A nifty line plot to visualize multivariate time series

A few days ago a colleague came to me for advice on the interpretation of some data. The dataset was large and included measurements for twenty-six species at several site-year-plot combinations. A substantial amount of effort had clearly been made to ensure every species at every site over several years was documented. I don’t pretend to hide my excitement of handling large, messy datasets, so I offered to lend a hand. We briefly discussed a few options and came to the conclusion that simple was better, at least in an exploratory sense.

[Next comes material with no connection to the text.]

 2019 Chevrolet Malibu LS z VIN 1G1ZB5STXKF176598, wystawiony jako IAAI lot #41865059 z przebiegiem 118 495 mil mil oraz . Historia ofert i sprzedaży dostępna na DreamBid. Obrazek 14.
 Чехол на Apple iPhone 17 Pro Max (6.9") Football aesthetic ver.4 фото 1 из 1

The challenge was to develop a plot that was informative, but also maintained the integrity of the data. Specifically, we weren’t interested in condensing information using synthetic axes created from a multivariate soup. We wanted some way to quickly identify trends over time for multiple species.

I was directed towards the excellent work by the folks at Gallup and Healthways to create a human ‘well-being index’ or WBI. This index is a composite of six different sub-indices (e.g., physical health, work environment, etc.) that provides a detailed and real-time view of American health. The annual report provides many examples of elegant and informative graphs, which we used as motivation for our current problem. In particular, page 6 of the report has a figure on the right-hand side that shows the changes in state WBI rankings from 2011 to 2012. States are ranked by well-being in descending order with lines connecting states between the two years. One could obtain the same conclusions by examining a table but the figure provides a visually pleasing and entertaining way of evaluating several pieces of information.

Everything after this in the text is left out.